Reference is now made to FIG. 4 in which a first shuttle mechanism 110, prior to positioning a cartridge 104a is compared to a second shuttle mechanism 110b positioning a second cartridge 104b of greater outer diameter prior to alignment for explanation of operation of the invention. Like numerals are utilized to describe like parts, the primary difference between cartridge 104a and 104b being the outer diameter of the cartridge; there really being no difference between shuttle mechanism 110a and 110b in FIG. 4.

Although not shown, in conventional cartridge filling machines, the filling nozzle from which the material flows into the cartridge is at fixed position relative to cleated indexing conveyor 105 and/or alignment fixture 220. In order for most efficient filling of the cartridge, it is preferred in the art that a center axis of empty cartridge 104 be substantially coaxial with the central axis of flow of the material to be filled.

However, the relative position of shuttling mechanism 110a relative to filling system 103 is the same as the relative position of shuttling mechanism 110b. Because the outer diameters of 104a and 104b are different, prior to alignment, as they are presented to filling system 103, a central axis 401 of cartridge 104a is offset from a central axis 405 of cartridge 104b by an offset gap 402. If not corrected for, then the filling nozzle of the filling system 103 would be offset relative to one of cartridges 104a, 104b by gap 402, which is undesired.

Reference is now made to FIG. 5 in which a first mechanism 110a is again compared to a second mechanism 110b showing a shifting mechanism 110 to align axis 405 with axis 401 to remove the offset. Again, like numerals are utilized for like structures for ease of description. Prior to orientation by alignment fixture 220, axis 401 is aligned with axis 405 by shifting mechanism 110 shifting the conveyor belt to align a central axis of the cartridge with the filling station.

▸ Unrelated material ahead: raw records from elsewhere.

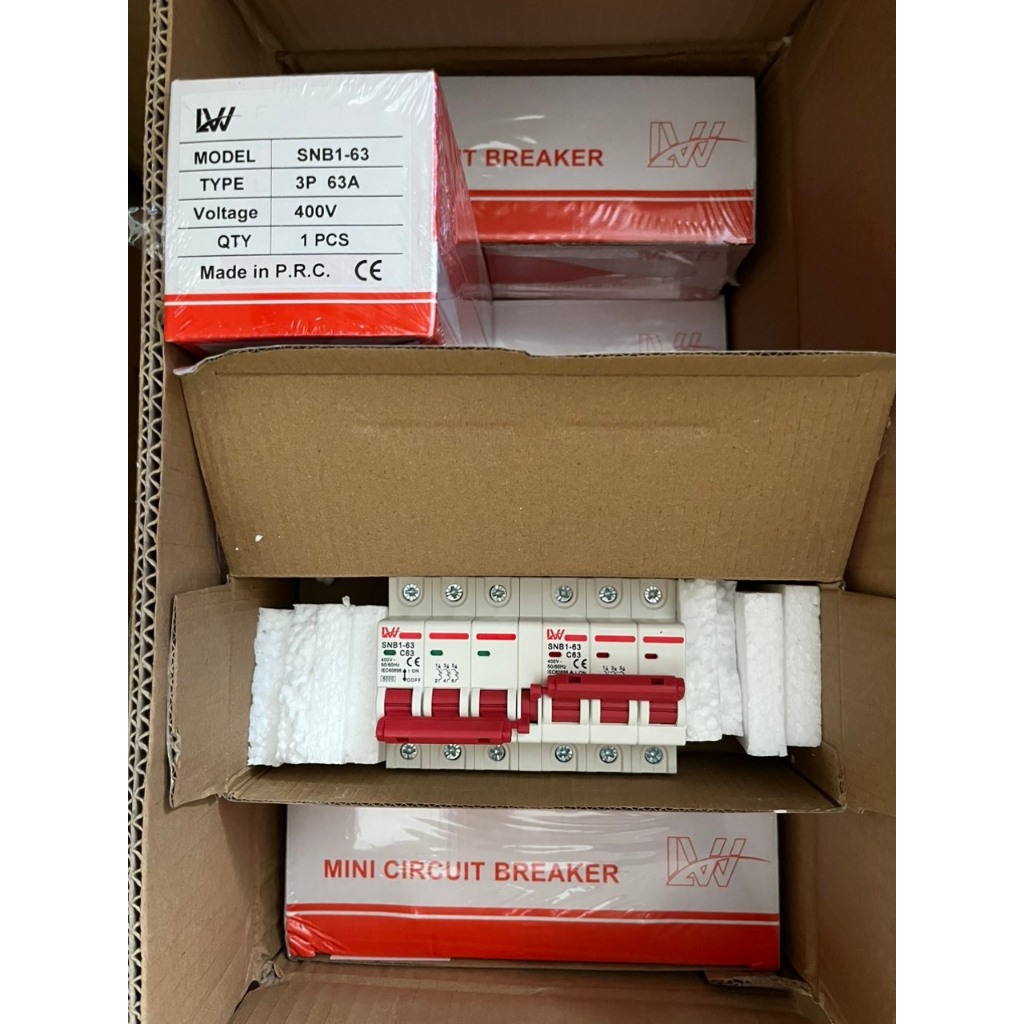 Át đảo chiều 3 pha 3P 63A 380V LW GCB1-63 | Shopee Việt Nam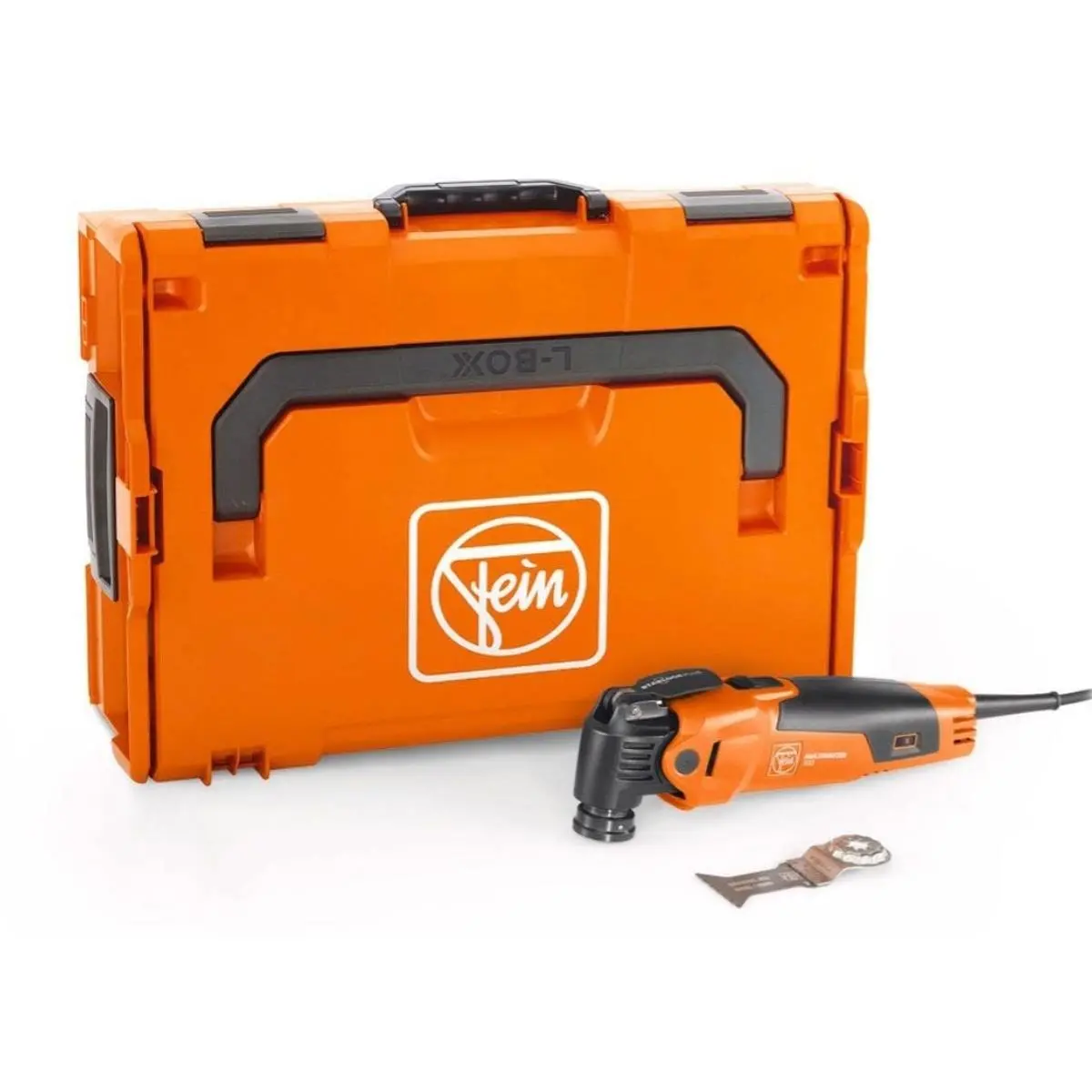 Fein Mm 500 Plus Starlock Multimaster Oscillating Multi-Tool In L-Boxx Carry Case 230V 1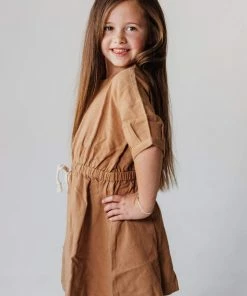 Vendor-unknown Charlotte Cinched Waist Dress KIDS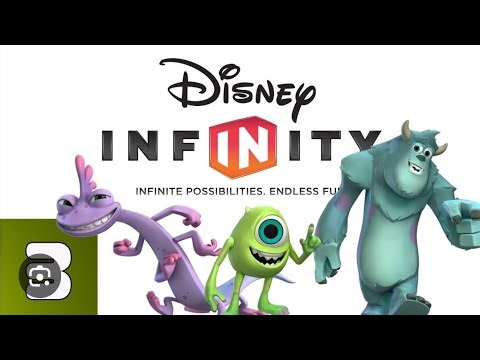 Disney Infinity Gameplay Walkthrough Pt15 Randall! (PS3 PSVita Xbox Nintendo Wii)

Rather than move the larger diameter cartridge 104b, it is preferred to move the smaller diameter cartridge 104a into the appropriate position. During operation, cylinder 214 is activated moving hollow cross member 201 along shaft 207 towards the forward shaft collar 208 until stopped by shaft collar 208, in this example.

At this point, given the relative diameters, central axis 401 is now aligned with central axis 405 while, as expected, a trailing edge of conveyor support member 204 for shifting mechanism 110a is offset by a gap 502 relative to the trailing edge of support member 204 of shifting mechanism 110b. It follows that to align central axes gap 502 substantially corresponds to gap 402.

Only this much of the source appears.